A law was passed yesterday defining areas seized by pro-Russian separatists in the east as being "temporarily occupied" by Russia.

The legislation also accused Russia of being an "aggressor country", a move Moscow slammed as being a precursor to a fresh war.

But Mathieu Boulegue, an expert on Ukraine from international affairs think tank Chatham House, says while the move will destabilise the region, neither Moscow or Kyiv will have the appetite for a large-scale conflict.

He claimed the law – by saying the regions were temporarily occupied by Russia – was an attempt to hand the burden for them over to Russia.

“Both states could wash their hands of responsibility [of the eastern regions],” said Boulegue, adding this could see eastern Donetsk and Luhansk being left to rot.

“No-one wants to take charge of these territories. These are very cumbersome territories and they will need to be pacified militarily and they will need to be reintegrated in terms of their mentality and economic development.

“There is a wider understanding between Moscow and Kiev that these territories have become cumbersome and some sort of dead weight. Nobody really wants to re-integrate them.

“Russia doesn’t want to reintegrate them into the Russian federation and Kyiv has a hard time working out what to do with them because they cost a lot of money.

“So in that sense this is basically freezing off the future of these territories by calling Russia an occupier.”

More than 10,000 people have died in eastern Donetsk and Luhansk regions since the conflict started in 2014.

It came just a month after Russia seized Ukraine’s Crimea region.

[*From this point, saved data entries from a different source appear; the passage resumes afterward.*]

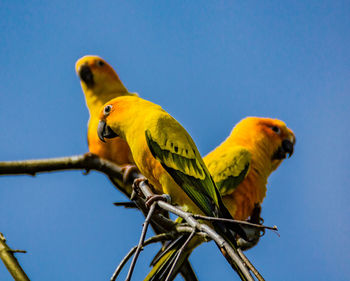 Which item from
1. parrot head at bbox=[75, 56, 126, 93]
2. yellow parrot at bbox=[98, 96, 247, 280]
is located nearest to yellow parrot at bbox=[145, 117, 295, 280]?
yellow parrot at bbox=[98, 96, 247, 280]

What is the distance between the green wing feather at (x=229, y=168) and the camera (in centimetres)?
412

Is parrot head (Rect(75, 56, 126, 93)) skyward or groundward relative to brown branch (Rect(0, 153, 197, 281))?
skyward

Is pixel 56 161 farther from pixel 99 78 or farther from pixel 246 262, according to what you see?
pixel 99 78

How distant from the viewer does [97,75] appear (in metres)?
6.21

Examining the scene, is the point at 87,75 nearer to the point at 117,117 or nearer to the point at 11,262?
the point at 117,117

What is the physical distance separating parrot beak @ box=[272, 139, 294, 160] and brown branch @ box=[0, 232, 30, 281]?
355 cm

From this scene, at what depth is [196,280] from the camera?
11.6 feet

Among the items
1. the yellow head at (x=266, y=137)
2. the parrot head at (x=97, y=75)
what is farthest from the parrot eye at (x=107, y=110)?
the parrot head at (x=97, y=75)

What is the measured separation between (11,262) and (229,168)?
7.99 feet

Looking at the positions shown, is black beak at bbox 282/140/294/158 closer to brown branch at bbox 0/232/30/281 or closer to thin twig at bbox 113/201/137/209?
thin twig at bbox 113/201/137/209

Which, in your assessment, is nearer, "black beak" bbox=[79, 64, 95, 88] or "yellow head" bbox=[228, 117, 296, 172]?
"yellow head" bbox=[228, 117, 296, 172]

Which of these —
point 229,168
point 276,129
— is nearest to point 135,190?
point 229,168

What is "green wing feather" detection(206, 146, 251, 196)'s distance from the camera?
13.5 feet

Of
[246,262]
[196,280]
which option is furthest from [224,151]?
[246,262]
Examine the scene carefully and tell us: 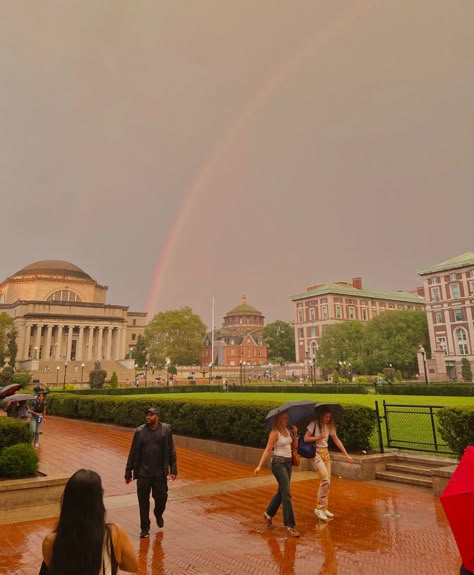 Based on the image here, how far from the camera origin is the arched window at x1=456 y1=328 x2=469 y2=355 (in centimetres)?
7581

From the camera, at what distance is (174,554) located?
6094mm

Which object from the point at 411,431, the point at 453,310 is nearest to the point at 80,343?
the point at 453,310

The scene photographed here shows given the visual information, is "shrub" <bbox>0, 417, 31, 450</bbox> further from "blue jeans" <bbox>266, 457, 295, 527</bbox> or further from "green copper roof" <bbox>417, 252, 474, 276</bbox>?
"green copper roof" <bbox>417, 252, 474, 276</bbox>

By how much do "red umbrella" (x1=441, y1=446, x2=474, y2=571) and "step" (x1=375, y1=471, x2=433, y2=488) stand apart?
7.36 meters

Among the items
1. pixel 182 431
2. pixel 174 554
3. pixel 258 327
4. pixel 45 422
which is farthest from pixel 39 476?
pixel 258 327

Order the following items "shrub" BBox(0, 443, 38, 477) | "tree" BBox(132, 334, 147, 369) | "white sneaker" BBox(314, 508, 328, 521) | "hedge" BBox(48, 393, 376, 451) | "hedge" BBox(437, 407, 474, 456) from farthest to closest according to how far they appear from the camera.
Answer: "tree" BBox(132, 334, 147, 369) → "hedge" BBox(48, 393, 376, 451) → "hedge" BBox(437, 407, 474, 456) → "shrub" BBox(0, 443, 38, 477) → "white sneaker" BBox(314, 508, 328, 521)

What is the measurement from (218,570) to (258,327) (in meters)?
141

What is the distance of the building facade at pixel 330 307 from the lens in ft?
341

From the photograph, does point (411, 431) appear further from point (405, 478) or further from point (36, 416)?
point (36, 416)

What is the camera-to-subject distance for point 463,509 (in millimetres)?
3096

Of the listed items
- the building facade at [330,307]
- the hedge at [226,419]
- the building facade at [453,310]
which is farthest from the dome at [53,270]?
the hedge at [226,419]

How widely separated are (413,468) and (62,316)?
100354 mm

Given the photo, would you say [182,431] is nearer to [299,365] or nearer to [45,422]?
[45,422]

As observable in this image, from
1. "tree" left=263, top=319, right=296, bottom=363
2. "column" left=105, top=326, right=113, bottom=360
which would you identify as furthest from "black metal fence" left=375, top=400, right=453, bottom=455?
"tree" left=263, top=319, right=296, bottom=363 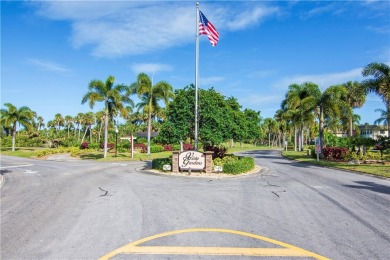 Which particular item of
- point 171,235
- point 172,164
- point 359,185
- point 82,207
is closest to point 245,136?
point 172,164

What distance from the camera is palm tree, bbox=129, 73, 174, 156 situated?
3922 cm

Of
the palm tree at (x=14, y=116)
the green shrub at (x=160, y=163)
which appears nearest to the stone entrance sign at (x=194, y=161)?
the green shrub at (x=160, y=163)

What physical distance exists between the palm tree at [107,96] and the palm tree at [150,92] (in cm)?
276

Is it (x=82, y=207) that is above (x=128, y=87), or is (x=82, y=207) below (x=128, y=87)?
below

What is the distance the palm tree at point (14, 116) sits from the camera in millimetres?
53312

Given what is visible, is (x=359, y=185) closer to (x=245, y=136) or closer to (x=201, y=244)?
(x=245, y=136)

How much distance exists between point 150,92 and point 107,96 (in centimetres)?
632

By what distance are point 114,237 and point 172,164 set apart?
13425 millimetres

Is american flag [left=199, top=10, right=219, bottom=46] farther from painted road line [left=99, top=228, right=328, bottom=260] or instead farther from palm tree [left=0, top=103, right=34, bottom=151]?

Russia, accused by Kyiv and the West of supporting rebels in eastern Ukraine, was a signatory to the Minsk peace accords in early 2015, which saw a ceasefire agreed and the withdrawal of heavy weapons from the frontlines.

Sergey Mikheyev, director general of the Institute for Caspian Cooperation, said Ukraine’s move puts Minsk at risk.

He told Vestnik Kavkaza news agency: “The law restricts any opportunities for normalising relations as much as possible and raises the degree of tension.

“If Ukraine recognised Russia as an aggressor, defined Donbass as the occupied territory and removed the priority of the Minsk agreements, it dealt a blow to the Minsk settlement process, which aggravates the current state of affairs.”